Supreme Court Says Controversial Lethal Injection Drug Is Legal

By Kenrya Rankin Jun 29, 2015

In the latest of a series of decisions, this morning the Supreme Court ruled that a sedative called midazolam can legally be administered during lethal injections.

The case, Glossip V. Gross, debated if the drug—used as the first part of a cocktail meant to carry out the death penalty in Oklahoma, Arizona, Florida and Ohio—is effective in rendering inmates unconscious before other drugs are administered to paralyze the body and stop the heart. The suit was brought by three convicted inmates in Oklahoma who argued that there is no guarantee that a 500-milligram dose of midazolam is sedating enough to prevent pain—which would violate their Eighth Amendment right to be spared cruel and unusual punishment. Their challenge cited cases where the drug failed to sedate inmates, memorably Clayton Lockett, who painfully reacted to the lethal cocktail for 43 minutes before dying. Midazolam came into use after approved drug sodium thiopental became difficult to find when anti-death penalty advocates pressured pharmaceutical companies to withhold it from executions.

In the 5-4 decision, the justices found that there was no cause to interfere with the way states choose to carry out the death penalty.

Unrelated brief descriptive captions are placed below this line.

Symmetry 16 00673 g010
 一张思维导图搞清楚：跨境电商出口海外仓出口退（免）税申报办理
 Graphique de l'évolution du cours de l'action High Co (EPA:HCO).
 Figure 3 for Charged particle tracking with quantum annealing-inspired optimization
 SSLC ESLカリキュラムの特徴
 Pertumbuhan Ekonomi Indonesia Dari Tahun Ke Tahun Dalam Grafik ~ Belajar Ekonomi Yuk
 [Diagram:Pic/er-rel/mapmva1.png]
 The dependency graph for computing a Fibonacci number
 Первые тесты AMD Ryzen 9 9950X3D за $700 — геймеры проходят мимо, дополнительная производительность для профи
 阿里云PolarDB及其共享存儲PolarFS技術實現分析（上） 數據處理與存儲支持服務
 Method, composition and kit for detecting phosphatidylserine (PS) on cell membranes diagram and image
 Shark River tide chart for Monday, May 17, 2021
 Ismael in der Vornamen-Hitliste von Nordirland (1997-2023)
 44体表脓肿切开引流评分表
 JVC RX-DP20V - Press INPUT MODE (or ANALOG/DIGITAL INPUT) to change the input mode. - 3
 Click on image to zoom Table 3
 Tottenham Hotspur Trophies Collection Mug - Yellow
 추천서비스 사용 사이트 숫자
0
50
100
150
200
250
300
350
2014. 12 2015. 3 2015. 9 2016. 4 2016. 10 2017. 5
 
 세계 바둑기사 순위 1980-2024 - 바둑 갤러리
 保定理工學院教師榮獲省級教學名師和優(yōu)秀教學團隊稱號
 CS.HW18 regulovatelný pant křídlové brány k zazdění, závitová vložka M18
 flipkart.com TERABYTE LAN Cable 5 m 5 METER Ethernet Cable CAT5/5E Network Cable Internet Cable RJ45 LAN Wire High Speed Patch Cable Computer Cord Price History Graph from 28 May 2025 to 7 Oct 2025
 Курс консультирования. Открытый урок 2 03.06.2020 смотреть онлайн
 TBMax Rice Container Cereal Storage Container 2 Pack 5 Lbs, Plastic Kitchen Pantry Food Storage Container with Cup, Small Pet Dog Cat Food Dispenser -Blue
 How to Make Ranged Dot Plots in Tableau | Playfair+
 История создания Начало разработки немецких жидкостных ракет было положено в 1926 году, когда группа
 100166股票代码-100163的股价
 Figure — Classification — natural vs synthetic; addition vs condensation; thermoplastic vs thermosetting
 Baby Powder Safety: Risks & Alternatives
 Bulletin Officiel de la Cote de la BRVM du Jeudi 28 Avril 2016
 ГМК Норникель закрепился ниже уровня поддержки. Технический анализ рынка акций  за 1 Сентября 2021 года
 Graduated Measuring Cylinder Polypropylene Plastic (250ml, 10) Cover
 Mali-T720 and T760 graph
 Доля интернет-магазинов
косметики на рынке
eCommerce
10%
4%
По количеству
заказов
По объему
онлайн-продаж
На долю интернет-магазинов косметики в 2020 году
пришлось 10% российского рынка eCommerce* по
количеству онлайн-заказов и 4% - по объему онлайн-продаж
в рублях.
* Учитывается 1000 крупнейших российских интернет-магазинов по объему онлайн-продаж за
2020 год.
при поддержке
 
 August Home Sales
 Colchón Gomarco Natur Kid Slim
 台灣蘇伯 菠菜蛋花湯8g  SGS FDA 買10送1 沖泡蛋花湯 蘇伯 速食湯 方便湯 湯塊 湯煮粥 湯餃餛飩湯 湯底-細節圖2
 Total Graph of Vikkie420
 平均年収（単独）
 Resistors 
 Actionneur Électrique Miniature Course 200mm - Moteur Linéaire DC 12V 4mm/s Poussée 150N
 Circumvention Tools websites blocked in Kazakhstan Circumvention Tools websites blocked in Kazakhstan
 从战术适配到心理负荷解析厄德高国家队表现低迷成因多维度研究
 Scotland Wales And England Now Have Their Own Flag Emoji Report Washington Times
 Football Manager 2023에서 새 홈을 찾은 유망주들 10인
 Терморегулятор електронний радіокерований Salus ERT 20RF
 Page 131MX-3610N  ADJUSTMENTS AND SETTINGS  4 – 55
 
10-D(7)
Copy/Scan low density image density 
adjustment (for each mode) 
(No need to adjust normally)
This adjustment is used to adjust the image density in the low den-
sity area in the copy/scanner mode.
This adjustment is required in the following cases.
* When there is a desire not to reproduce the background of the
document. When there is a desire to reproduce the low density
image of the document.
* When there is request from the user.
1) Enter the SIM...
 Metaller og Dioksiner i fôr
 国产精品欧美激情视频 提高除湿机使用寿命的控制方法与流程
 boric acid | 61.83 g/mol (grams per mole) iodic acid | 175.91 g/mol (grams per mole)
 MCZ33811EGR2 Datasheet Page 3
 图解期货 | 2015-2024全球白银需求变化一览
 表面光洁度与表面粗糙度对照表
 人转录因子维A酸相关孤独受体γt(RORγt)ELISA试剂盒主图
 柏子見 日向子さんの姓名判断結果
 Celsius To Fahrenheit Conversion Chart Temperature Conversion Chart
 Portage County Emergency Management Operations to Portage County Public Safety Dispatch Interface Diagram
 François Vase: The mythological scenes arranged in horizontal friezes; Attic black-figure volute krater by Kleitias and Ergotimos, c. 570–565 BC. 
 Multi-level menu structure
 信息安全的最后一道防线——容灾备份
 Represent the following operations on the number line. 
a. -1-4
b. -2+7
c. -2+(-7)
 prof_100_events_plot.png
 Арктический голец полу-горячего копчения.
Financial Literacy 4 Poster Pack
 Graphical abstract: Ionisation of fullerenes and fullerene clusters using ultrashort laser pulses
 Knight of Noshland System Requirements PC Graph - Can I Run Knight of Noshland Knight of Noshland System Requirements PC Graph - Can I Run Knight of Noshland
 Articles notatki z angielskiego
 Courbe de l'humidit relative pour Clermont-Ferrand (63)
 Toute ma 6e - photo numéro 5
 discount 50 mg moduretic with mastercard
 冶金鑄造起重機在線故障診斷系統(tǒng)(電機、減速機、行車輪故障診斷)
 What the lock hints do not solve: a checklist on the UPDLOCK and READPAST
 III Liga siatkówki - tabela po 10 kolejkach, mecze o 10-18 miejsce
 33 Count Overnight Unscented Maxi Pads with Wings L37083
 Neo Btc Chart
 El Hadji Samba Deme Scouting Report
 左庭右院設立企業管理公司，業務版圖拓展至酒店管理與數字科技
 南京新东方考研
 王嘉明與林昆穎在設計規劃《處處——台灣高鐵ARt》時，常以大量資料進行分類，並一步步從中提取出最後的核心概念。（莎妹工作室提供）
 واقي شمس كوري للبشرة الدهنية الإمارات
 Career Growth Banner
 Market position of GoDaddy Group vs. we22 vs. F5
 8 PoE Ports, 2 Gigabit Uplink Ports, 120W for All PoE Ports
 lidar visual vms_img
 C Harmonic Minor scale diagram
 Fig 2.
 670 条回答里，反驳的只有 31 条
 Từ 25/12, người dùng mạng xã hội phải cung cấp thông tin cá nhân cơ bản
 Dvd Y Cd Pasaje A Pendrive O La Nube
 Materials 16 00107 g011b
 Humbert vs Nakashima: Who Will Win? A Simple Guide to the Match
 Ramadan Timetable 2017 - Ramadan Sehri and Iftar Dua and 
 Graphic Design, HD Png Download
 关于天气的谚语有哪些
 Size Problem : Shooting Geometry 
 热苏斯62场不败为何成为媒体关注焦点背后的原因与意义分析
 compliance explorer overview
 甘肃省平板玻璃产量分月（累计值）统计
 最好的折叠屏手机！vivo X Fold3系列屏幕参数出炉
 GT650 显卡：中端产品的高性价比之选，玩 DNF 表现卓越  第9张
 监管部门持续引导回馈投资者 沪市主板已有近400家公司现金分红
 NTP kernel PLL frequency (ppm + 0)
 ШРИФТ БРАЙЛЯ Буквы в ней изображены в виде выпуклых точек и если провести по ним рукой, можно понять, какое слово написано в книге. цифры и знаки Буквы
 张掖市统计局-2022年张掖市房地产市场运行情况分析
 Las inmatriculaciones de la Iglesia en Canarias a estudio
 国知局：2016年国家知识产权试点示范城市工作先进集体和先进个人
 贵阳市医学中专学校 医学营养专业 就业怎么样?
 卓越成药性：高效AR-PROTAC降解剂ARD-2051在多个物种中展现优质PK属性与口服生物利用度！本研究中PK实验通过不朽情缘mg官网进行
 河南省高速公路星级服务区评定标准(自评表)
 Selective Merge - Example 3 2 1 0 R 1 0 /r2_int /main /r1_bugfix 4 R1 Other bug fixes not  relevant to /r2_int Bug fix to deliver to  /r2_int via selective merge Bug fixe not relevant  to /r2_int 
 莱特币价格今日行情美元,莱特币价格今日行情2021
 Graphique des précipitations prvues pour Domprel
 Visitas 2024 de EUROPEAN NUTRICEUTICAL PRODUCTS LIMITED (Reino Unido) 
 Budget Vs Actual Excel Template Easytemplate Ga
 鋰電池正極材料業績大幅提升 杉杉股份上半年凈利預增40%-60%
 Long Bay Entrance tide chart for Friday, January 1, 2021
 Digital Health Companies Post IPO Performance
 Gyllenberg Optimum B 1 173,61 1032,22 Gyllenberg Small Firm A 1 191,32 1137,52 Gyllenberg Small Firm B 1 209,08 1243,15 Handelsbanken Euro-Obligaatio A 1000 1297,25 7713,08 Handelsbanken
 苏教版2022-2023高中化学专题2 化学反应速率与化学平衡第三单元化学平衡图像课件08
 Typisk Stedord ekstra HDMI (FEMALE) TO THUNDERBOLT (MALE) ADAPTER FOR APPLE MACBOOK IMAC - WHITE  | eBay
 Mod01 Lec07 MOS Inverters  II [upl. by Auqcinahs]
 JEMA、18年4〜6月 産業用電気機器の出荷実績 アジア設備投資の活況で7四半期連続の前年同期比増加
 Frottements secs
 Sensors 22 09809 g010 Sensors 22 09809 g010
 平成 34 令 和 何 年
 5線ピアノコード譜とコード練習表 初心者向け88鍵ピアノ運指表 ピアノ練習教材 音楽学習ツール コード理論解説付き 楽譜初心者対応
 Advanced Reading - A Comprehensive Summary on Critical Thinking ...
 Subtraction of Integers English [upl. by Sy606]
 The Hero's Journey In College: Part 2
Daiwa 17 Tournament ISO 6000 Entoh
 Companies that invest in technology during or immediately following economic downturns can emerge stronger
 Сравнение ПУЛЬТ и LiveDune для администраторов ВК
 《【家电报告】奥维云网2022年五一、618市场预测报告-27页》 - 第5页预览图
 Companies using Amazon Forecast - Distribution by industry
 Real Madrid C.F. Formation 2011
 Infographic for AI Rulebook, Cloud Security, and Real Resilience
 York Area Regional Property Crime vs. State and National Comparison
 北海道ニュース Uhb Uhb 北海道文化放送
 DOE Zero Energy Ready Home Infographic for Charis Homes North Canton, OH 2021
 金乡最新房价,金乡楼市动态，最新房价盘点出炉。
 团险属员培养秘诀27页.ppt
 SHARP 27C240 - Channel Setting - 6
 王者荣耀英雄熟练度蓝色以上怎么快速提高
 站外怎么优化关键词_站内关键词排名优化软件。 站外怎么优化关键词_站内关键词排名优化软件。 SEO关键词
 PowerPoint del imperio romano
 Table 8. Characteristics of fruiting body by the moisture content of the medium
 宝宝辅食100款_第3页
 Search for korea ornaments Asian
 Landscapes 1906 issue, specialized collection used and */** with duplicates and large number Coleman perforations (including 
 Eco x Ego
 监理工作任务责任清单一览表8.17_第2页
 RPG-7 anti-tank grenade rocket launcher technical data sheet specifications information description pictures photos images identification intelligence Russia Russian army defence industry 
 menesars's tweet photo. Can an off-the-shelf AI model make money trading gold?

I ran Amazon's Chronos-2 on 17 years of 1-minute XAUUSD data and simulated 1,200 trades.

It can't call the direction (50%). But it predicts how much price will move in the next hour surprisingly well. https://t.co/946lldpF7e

The conservative-leaning justices, led by Justice Samuel Alito who wrote the court’s opinion, felt that the suit was “guerrilla war against the death penalty” and that it wasn’t their place to interfere with the state. 

While methods of execution have changed over the years, “[t]his Court has never invalidated a State’s chosen procedure for carrying out a sentence of death as the infliction of cruel and unusual punishment.” Id., at 48. In Wilkerson v. Utah, 99 U. S. 130, 134–135 (1879), the Court upheld a sentence of death by firing squad. In In re Kemmler, supra, at 447–449, the Court rejected a challenge to the use of the electric chair. And the Court did not retreat from that holding even when presented with a case in which a State’s initial attempt to execute a pris- oner by electrocution was unsuccessful. Louisiana ex rel. Francis v. Resweber, 329 U. S. 459, 463–464 (1947) (plurality opinion). Most recently, in Baze, supra, seven Justices agreed that the three-drug protocol just discussed does not violate the Eighth Amendment. 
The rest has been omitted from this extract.